(Posted Aug. 4, 2017)
Madison-Plains High School announces this year’s class of inductees into its Athletic Hall of Fame. The ceremony will take place Aug. 5 at the high school.
• Lisa Null Wijnands was a standout basketball player at Madison-Plains from 1981 to 1985. Her career total of 1,415 points still stands as the school record for both boys and girls. A four-year varsity starter, Wijnands scored her 1,000th point during her junior year. She was named Class AA Special Mention All-Ohio in 1982-83 and 1983-84. She was named to the South Central Ohio League all-league team all four years.
Wijnands also excelled in volleyball and softball, earning a total of 10 varsity letters. She was named all-SCOL in volleyball and softball.

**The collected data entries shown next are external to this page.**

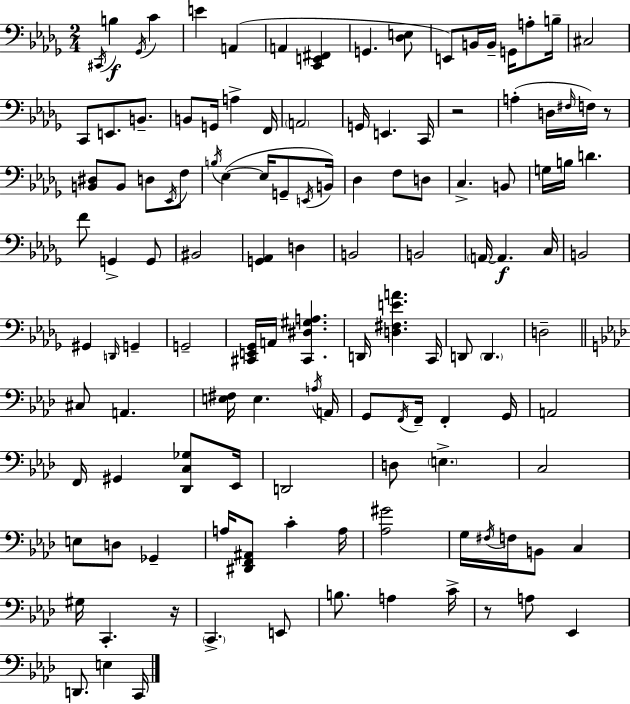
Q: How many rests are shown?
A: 4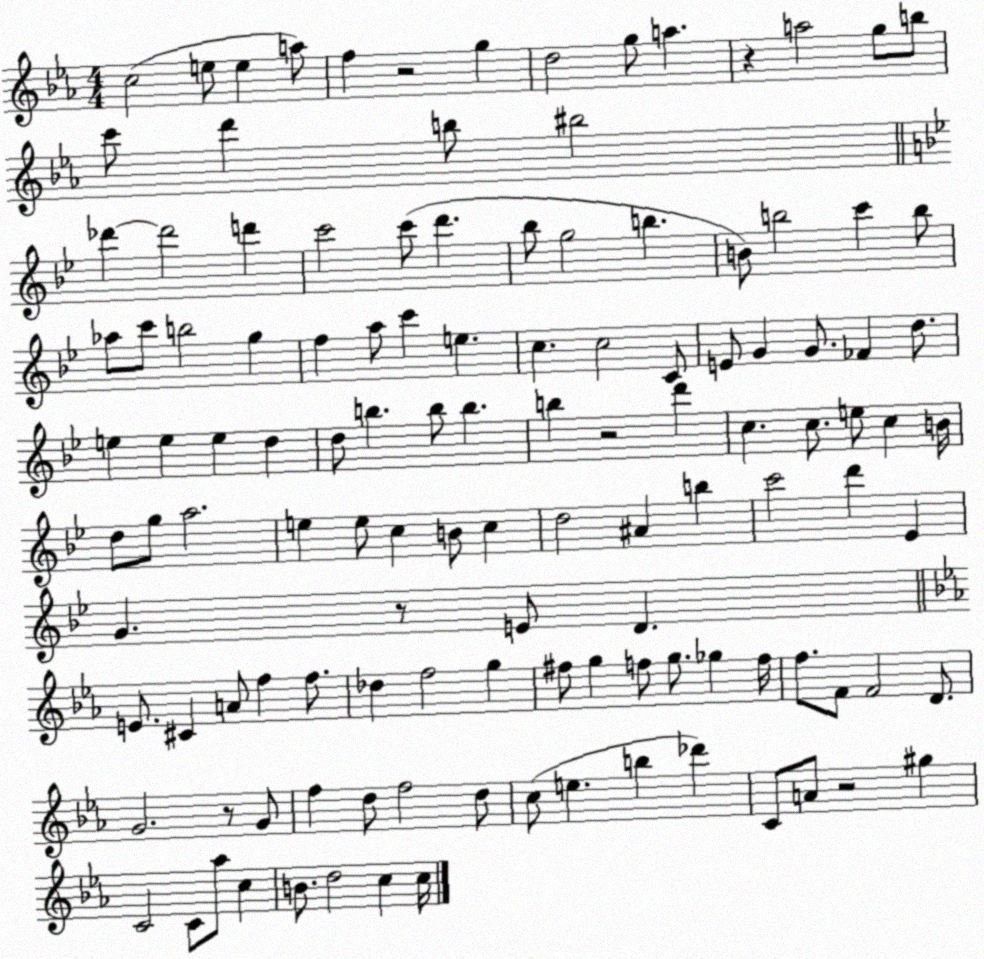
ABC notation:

X:1
T:Untitled
M:4/4
L:1/4
K:Eb
c2 e/2 e a/2 f z2 g d2 g/2 a z a2 g/2 b/2 c'/2 d' b/2 ^b2 _d' _d'2 d' c'2 c'/2 d' _b/2 g2 b B/2 b2 c' b/2 _a/2 c'/2 b2 g f a/2 c' e c c2 C/2 E/2 G G/2 _F d/2 e e e d d/2 b b/2 b b z2 d' c c/2 e/2 c B/4 d/2 g/2 a2 e e/2 c B/2 c d2 ^A b c'2 d' _E G z/2 E/2 D E/2 ^C A/2 f f/2 _d f2 g ^f/2 g f/2 g/2 _g f/4 f/2 F/2 F2 D/2 G2 z/2 G/2 f d/2 f2 d/2 c/2 e b _d' C/2 A/2 z2 ^g C2 C/2 _a/2 c B/2 d2 c c/4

• Chris Smith is the most accomplished boys’ track and cross country athlete in the history of Madison-Plains. In track, he was a two-time individual state qualifier in the 3200 meters, finishing eighth in 1988 and ninth in 1989. His 4×800-meter relay team also qualified for the state meet. He still holds the Madison-Plains records in the 3200 meters (9:37), 1600 meters (4:31), and 4×800-meter relay (8:11). He was a six-time KTC league champion, two-time district champion in the 3200 meters, and two-time regional champion in the 3200 meters.
In cross country, he ran on the first ever Madison-Plains team. He placed 16th at the state cross country meet, setting the Madison-Plains school record of 16:07. He was selected for and ran in the National Jr. TAC cross country meet in 1988. After graduation, Smith went on to have a standout career at the University of Rio Grande. He was a seven-time national NAIA qualifier. In 1994, he was an NAIA All-American, finishing fourth at the national meet in the 10,000 meters (30:38). He also served as the Madison-Plains cross country coach for the 1990 KTC league champion team.
• Brian Stoughton was a star football player for Madison-Plains, graduating in 1991. He was a co-captain on the 1990 Kenton Trace Conference champions,hip team, still the only Madison-Plains football league champions. That season, he rushed for a then school record of 1,683 yards and 24 touchdowns. His 1,683 yards led all of central Ohio in rushing. He also had a team leading 82 tackles, four interceptions, 33.1 punting average, and 33.1 kick-off return average. He was named Div. IV second team All-Ohio at running back, in addition to being named all league, county and district.
Stoughton also was a standout on the Madison-Plains basketball and baseball teams. He received a full athletic scholarship to play football at The Ohio State University. While at OSU, he was twice named academic all Big Ten and he earned a varsity football letter in 1995.
• Dickie Brown is one of the greatest basketball players in the history of Madison-Plains. Known for his shooting ability, Brown scored 994 points in just two years of varsity basketball. He averaged 27.5 points per game in 1979-1980 and was named Class AA second team All-Ohio. He scored a Madison-Plains record of 45 points against Hillsboro. He was the 1979-80 Central District Player of the Year and was twice all-SCOL. He helped lead the 1978-79 team to the Central District title. At the end of his senior season, he was selected to play in the District 10 All-Star Game.
Brown was also a fantastic baseball player. In 1979, he batted .408 and was named first-team all-SCOL, as Madison-Plains won the SCOL and finished the season with a 21-3 record.
• The 1978-79 boys’ basketball team is one of the most memorable teams ever to play at Madison-Plains. The team had a record of 15-8 and won the Class AA Central District championship with a victory over River Valley before narrowly losing in the regional semifinals. Mike Wilson was the team captain and Dickie Brown led the team in scoring. Other members of the team included Ben Stroup, Todd Henry, Scott Joslin, Pat Blackburn, Jeff Griffith, John Ruggles, Jeff Moss, Mark Kimbler, Dean Glispie and John Gray. The team was coached by first-year coach Dan Hughes. Hughes went on to a successful coaching career in college basketball and the WNBA.